Sadly, another mass shooting has been in the news recently — this one occurring not in a Colorado movie theater, but in a Wisconsin house of worship.
A gunman identified as Wade Michael Page entered a Sikh temple (technically known as a gurdwara) in the Milwaukee suburb of Oak Creek and opened fire, killing six and critically wounding four others, before being shot by police.
One of the critically wounded survivors was a policeman, responding to an emergency 911 call. The victims who did not survive the attack were all Sikhs.
The local community has responded compassionately, with many area residents reaching out to support their grieving Sikh neighbors. Hundreds turned out to attend a candlelight vigil, in remembrance of the victims. Sikhs and non-Sikhs alike across the country — and beyond — expressed outrage at the tragedy, and offered support both for the gunman’s victims as well as for the wider Sikh community.
President Barack Obama even called Manmohan Singh, the prime minister of India, to express his condolences. Prime Minister Singh is himself a Sikh.
Of course, for a fairly sizable percentage of their non-Sikh supporters, Sikhism itself may be something of a question mark — if not an outright “blank page.”
Many Americans have simply never heard of Sikhism. Many more may have heard of it, but know little about it. Some erroneously confuse Sikhs with either Hindus or Muslims, perhaps in part because many Sikh males wear traditional beards and turbans as badges or symbols of their own unique faith.
Who are Sikhs? What is Sikhism?
Sikhism is actually the fifth-largest religion in the world (after Christianity, Islam, Hinduism, and Buddhism). It’s also the youngest of the major world faiths, originating in the Punjab region of India in the 15th century AD.
The term Sikh literally means “disciple.” Sikhs are disciples of a line of ten consecutive Sikh gurus, a line that began with Guru Nanak (1469-1539), who founded the Sikh religion. That line ended with the death of their tenth leader, Guru Gobind Singh (1666-1708), who declared that after his death the Sikh community would henceforth be led not by a living human guru, but by the Sikhs’ holy book, known as the Adi Granth.

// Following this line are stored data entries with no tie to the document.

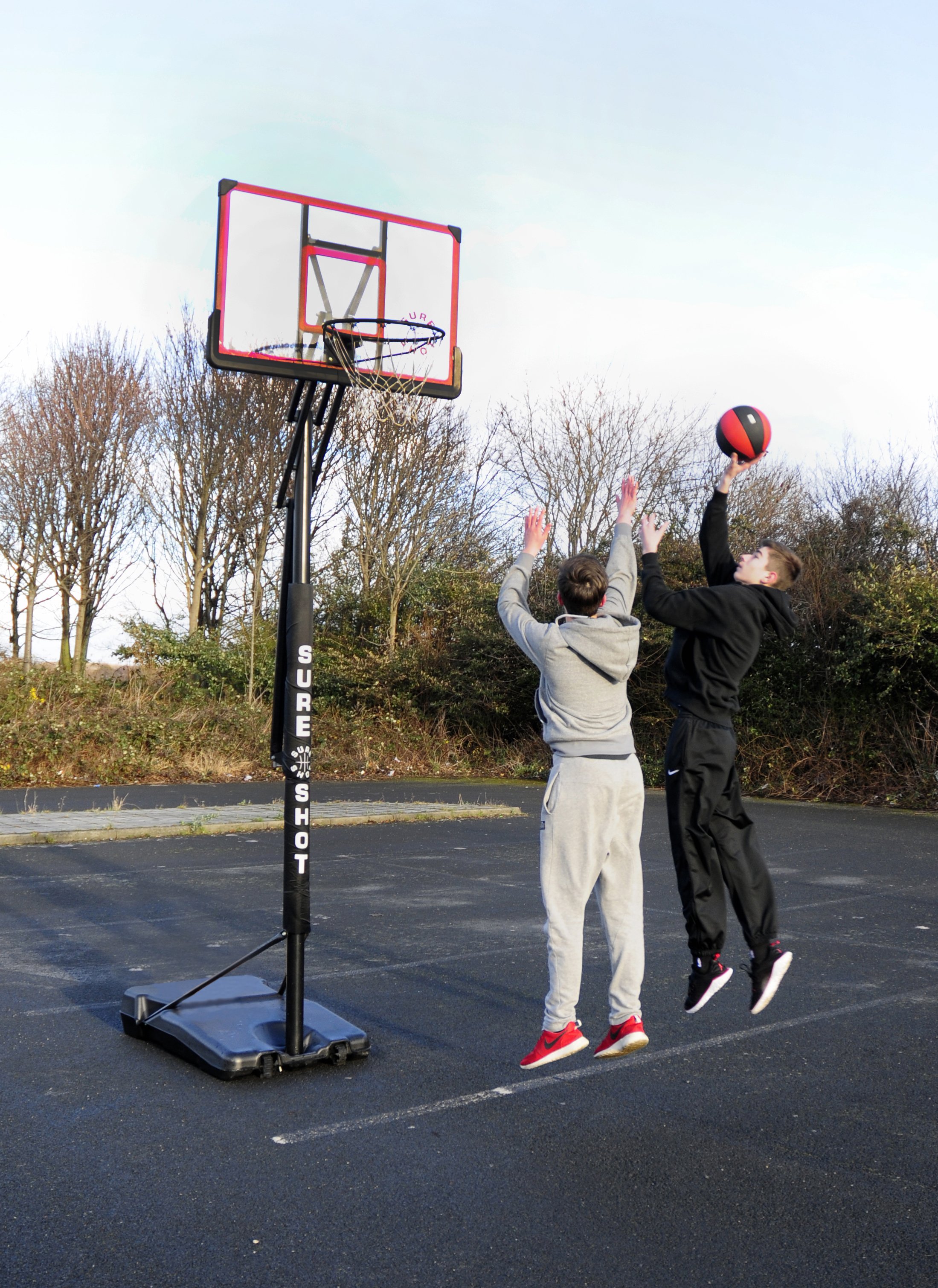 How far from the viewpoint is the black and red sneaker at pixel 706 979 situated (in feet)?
15.7

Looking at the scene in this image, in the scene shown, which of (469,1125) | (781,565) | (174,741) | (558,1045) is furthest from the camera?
(174,741)

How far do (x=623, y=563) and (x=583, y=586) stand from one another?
275 millimetres

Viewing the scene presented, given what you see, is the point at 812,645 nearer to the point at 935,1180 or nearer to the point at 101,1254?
the point at 935,1180

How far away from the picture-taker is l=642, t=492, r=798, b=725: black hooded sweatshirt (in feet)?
15.8

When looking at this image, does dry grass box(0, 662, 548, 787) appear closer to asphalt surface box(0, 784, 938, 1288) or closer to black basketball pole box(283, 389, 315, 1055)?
asphalt surface box(0, 784, 938, 1288)

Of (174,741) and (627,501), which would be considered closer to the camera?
(627,501)

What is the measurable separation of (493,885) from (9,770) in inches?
436

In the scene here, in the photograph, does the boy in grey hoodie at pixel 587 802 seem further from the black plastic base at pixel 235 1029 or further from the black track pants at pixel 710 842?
the black plastic base at pixel 235 1029

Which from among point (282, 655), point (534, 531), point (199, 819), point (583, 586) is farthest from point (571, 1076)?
point (199, 819)

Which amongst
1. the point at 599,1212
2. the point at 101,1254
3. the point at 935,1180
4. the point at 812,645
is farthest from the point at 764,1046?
the point at 812,645

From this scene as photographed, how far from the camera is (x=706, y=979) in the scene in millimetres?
4793

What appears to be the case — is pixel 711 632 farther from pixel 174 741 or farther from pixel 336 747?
pixel 336 747

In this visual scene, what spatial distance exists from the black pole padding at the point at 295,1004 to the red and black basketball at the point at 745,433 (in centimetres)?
291

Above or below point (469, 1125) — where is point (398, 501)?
above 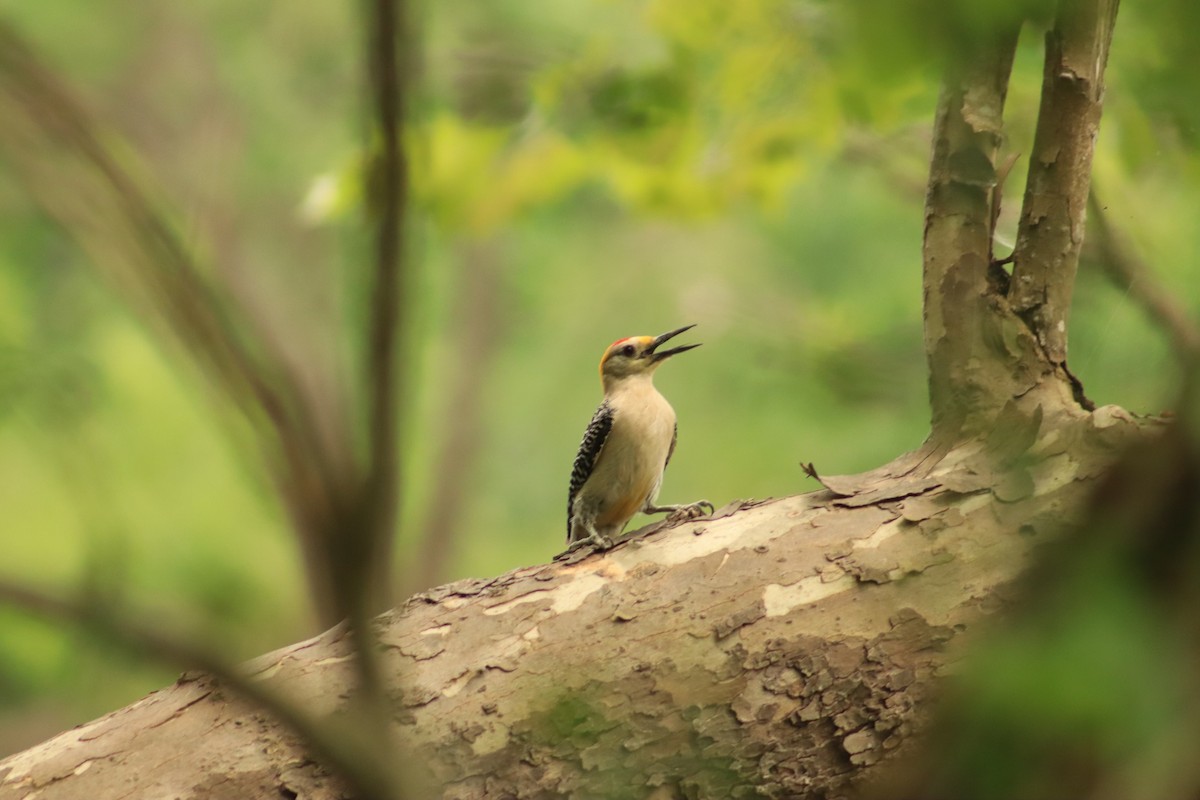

That this deeply revered scripture is regarded by Sikhs as the very embodiment of the spirit of their ten human gurus is underscored by the fact that this sacred text is also referred to by Sikhs as the Guru Granth Sahib.
In contrast with the many gods and goddesses of the Hindu faith that dominates India as a whole, Sikhism is staunchly and uncompromising monotheistic, affirming belief in one sole supreme God. On the other hand, like Hinduism (and like Buddhism and Jainism, which are also of Indian origin), Sikhism also accepts karma and reincarnation as metaphysical realities.
In the Sikh view, human beings are born, die, and are reborn, over and over again on this earth; the circumstances of each successive birth are the result of one’s deeds in previous lives (karma), and this cycle of rebirth repeats until one achieves liberation from it by attaining salvation, which Sikhs understand in terms of achieving union with God.
Although Sikhism is the world’s fifth-largest religion, it comes in as a rather distant fifth; the global Sikh population numbers only somewhere around perhaps 25 to 30 million (estimates vary). Most still live in the Indian state of Punjab, with the rest scattered worldwide. Between 250,000 and 500,000 Sikhs live in the U.S. (again, estimates vary).
Unfortunately, this is not the first time in recent history that Sikhs have been targeted as victims of violence. Since 2001, there have been up to 700 attacks upon Sikhs.
The gunman at the Wisconsin gurdwara allegedly had white supremacist ties. The FBI is investigating the shooting as a possible domestic terrorism case, and the Southern Poverty Law Center reportedly described the killer as a “frustrated neo-Nazi.”
As articles of faith, Sikhism affirms the supreme sanctity of human life, the equality of all human beings (including all races, all castes, and both genders), and the duty to engage in compassionate service and to combat injustice.